Thirty days after 43 college students were kidnapped by corrupt police and cartel executioners, there is an unspoken consensus that Iguala's black history will continue uninterrupted, no matter who is in charge.
Earlier this week Mexico's attorney general told the nation that mayor José Luis Abarca Velázquez and his wife, María de los Ángeles Pineda Villa, set into motion the events which in all probability resulted in the students' brutal murders on Sept. 26. The Abarcas have not been seen since Sept. 30, but the federal government has issued arrest warrants for both, together with Iguala's former public security director, Abarca's cousin.
But at least 30 relatives of Abarca and Pineda hold key posts in the county and city governments, both of the same name. Those family members control administrative operations from top to bottom, and have an iron lock on expenditures and budgetary matters.
Javier Abarca, the former mayor's brother, is in charge of public works projects and the distribution of fuel supplies. The latter is a critical issue in Mexico, where scarcities often prevail in rural areas.
Lucero Muñoz de Abarca, the former mayor's sister-in-law, is in charge of Iguala's DIF, the local unit of Mexico's National System for Integral Family Development. DIF is a social agency which focuses on the welfare of Mexican families. By long tradition its national director is the First Lady of Mexico. Former actress Angélica Rivera, wife of president Enrique Peña Nieto, currently holds the post.
Ironically, a family welfare speech María Pineda was preparing to deliver the evening of Sept. 26 may have prompted the missing students' kidnappings. She and Abarca apparently feared they were outside political agitators, determined to disrupt the event and embarrass the local administration.
Another brother of Abarca is chief of Municipal Code Enforcement, while his daughter holds a post on the Iguala Water Commission. Her husband in turn works for a county department which oversees and regulates livestock slaughtering and processing, an important local industry.
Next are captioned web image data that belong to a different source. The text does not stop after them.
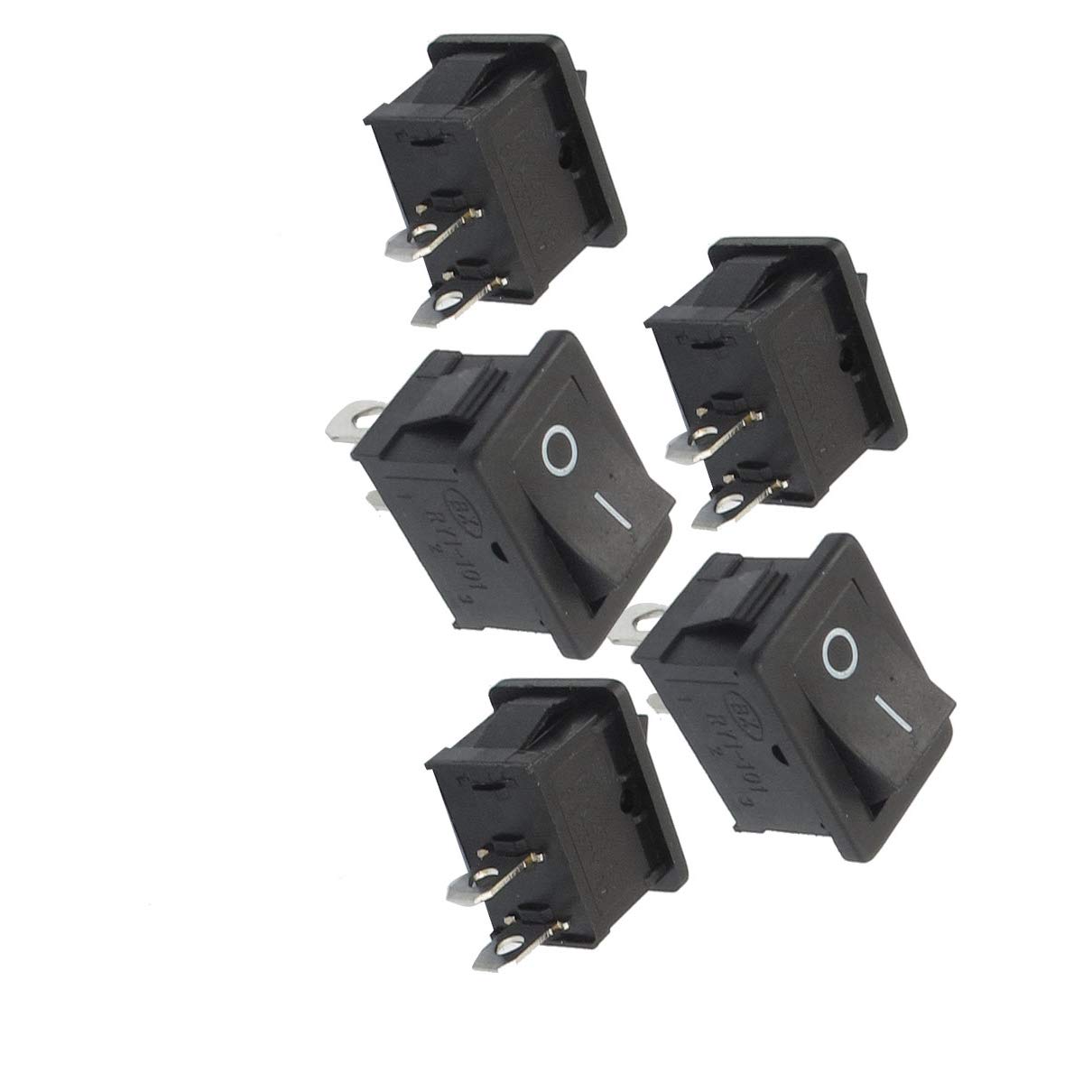 POWTAXBJGD 5 Pcs Wall Switches SPST On/Off Momentary Off Rocker Switch AC Dimmer Switches 250V/6A 125V/10A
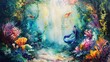 enchanted underwater kingdom painting featuring a colorful array of fish and flowers, including ora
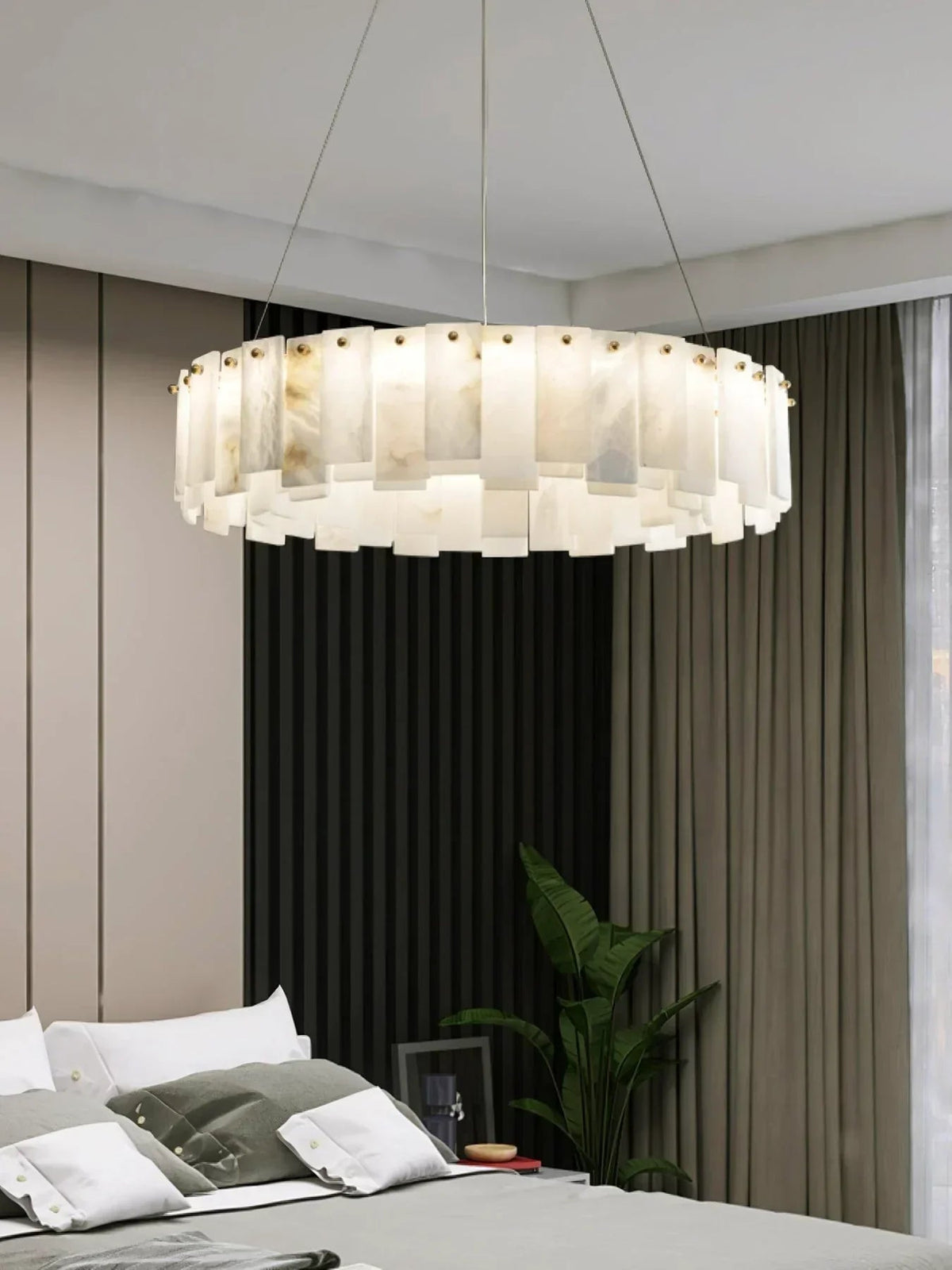 Modern Alabaster Celestial Round Chandelier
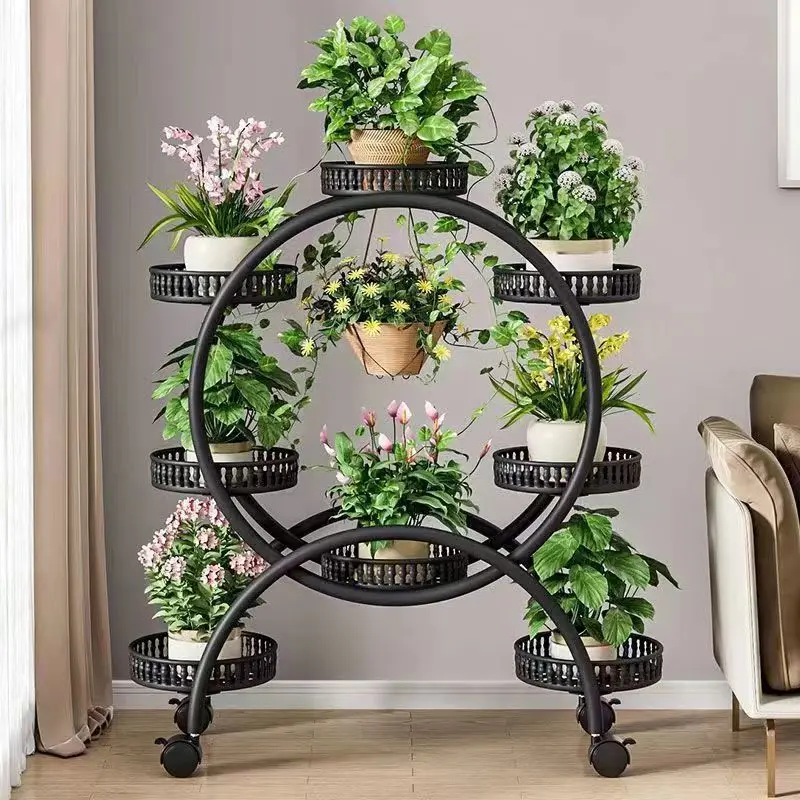 Movable Plant Stand Rolling Multi Tier Floor Standing Pothos Friendly Shelves Indoor Balcony Home Plant Stands Indoor Balcony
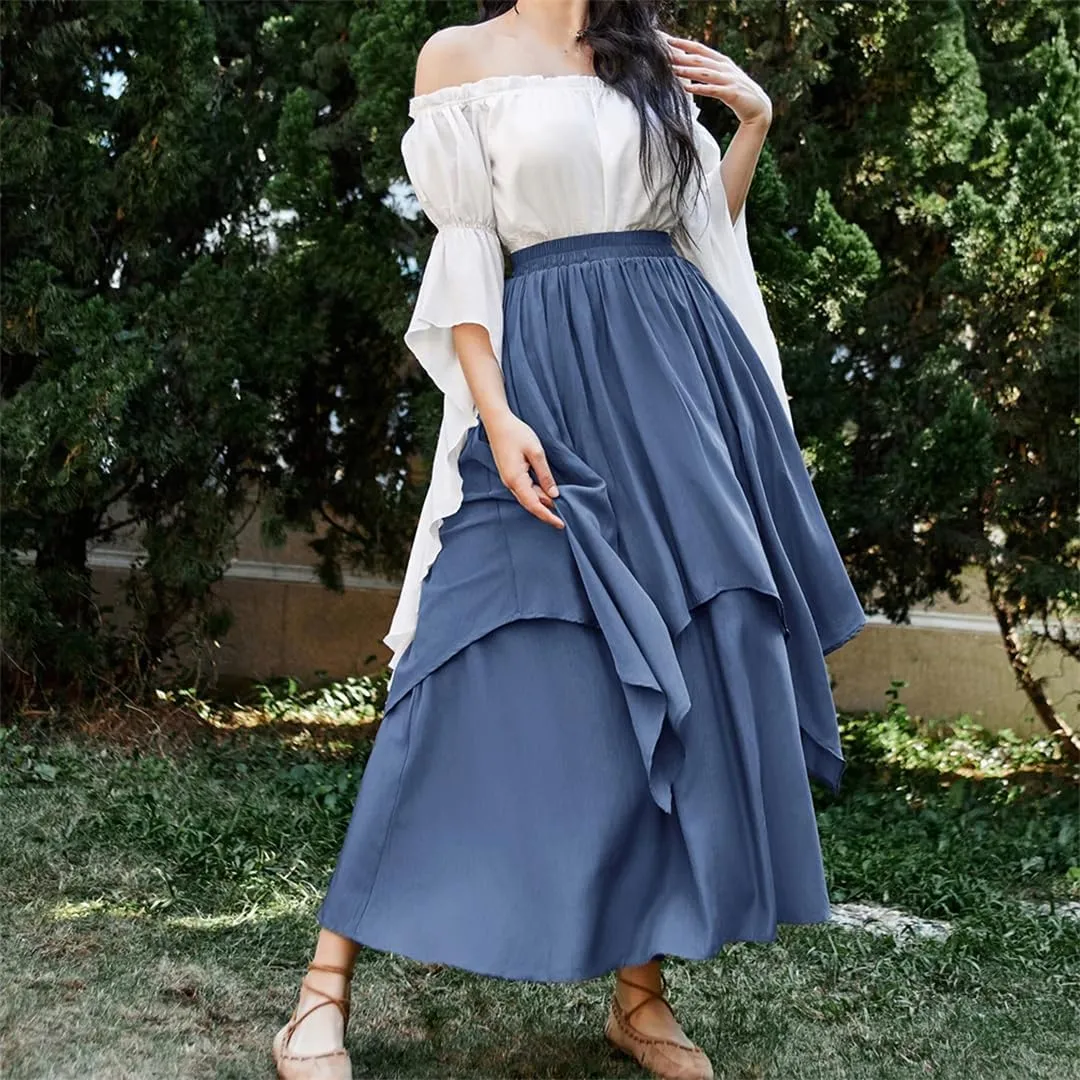 Women High Waisted Vintage Dual-Layer Long Swing Skirt Elastic Waist Loose A-Line Maxi Skirt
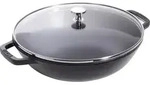 Staub Wok 30 cm schwarz mit Deckel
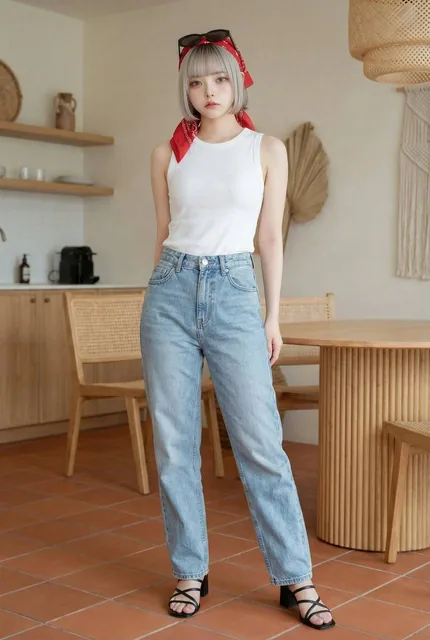 A woman wearing a white sleeveless tank top with crew neck and fitted silhouette, paired with high-waisted light blue straight-leg jeans featuring a vintage wash. She accessorizes with black strappy block heel sandals, a red bandana scarf as a hair accessory, and dark sunglasses, creating an effortl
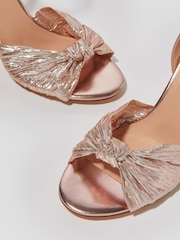 Monsoon Pink Metallic Twist Front Heeled Sandals - Image 2 of 2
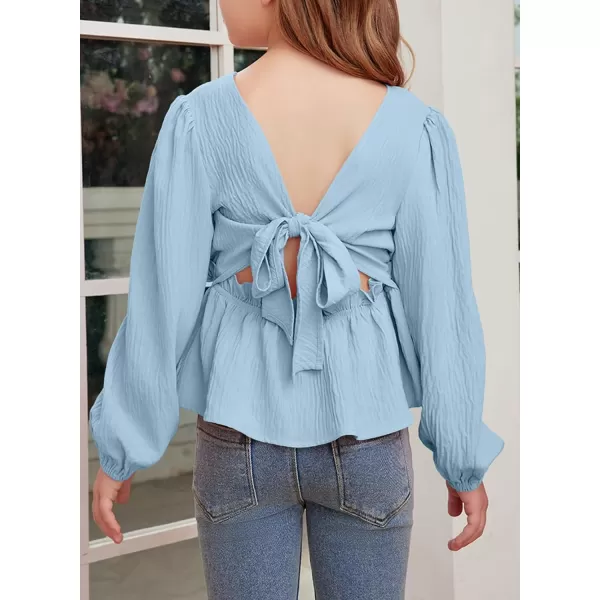 blibean Tween Girls Fall Tie Back Ruffle Shirt Kid Long Sleeve Tops Size 6-15 Years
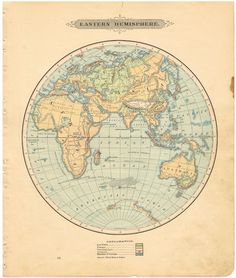 an old map of the world with countries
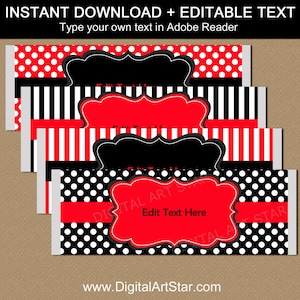 Candy Bar Wrappers Birthday, Red and Black Chocolate Bar Wrappers, Candy Labels Printable, Family Reunion Party Favors, Editable Download B3 image 1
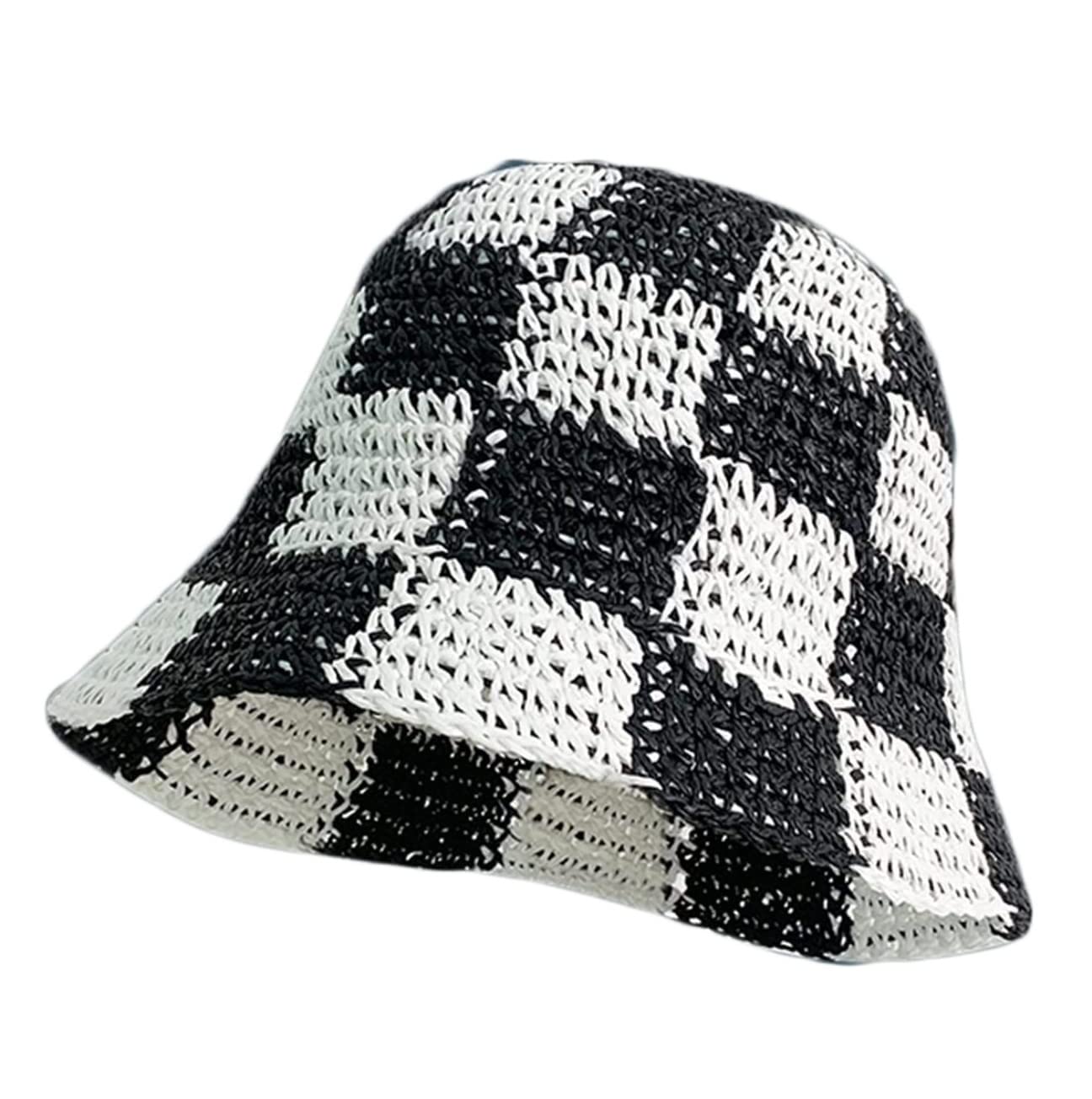 MRKU Chapeau de Plage d'été pour Femme, crocheté à la Main, à Bords Courts, Style pêcheur, en Paille ajourée.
Abarca's son-in-law is county Human Resources Director, while one of the former mayor's cousins is in charge of the Vehicle Control Department. Others occupy similar administrative posts throughout the county and city governments. None of them are in danger of losing their jobs.
Even at the state level, the specter of unbridled corruption continues. On Oct. 16 Guerrero Governor Ángel Aguirre Rivero fired Public Health Secretary Dr. Lázaro Mazón, "until such time as he explains to investigators his relationship with Mayor Abarca." But two days later the state congress voted to name Luis Mazón Alonso, the secretary's brother, as the new interim mayor of Iguala. On Oct. 24 Luis Mazón announced that he had decided to accept the post, "even though my brother advised against it."
Governor Aguirre resigned Thursday afternoon.
Oct. 30 - Just hours after he took office, Luis Mazón submitted his resignation to Iguala's city council yesterday, claiming that 40% of its members were against him. "Nobody in Iguala wants to work for the betterment of the community. They're all out for themselves, for their personal interests," he said. Mazón, a member of the ultra left National Regeneration Movement (MORENA) founded by former presidential candidate Andrés Manuel López Obrador in September 2012, was widely expected to run for Guerrero's governor next year.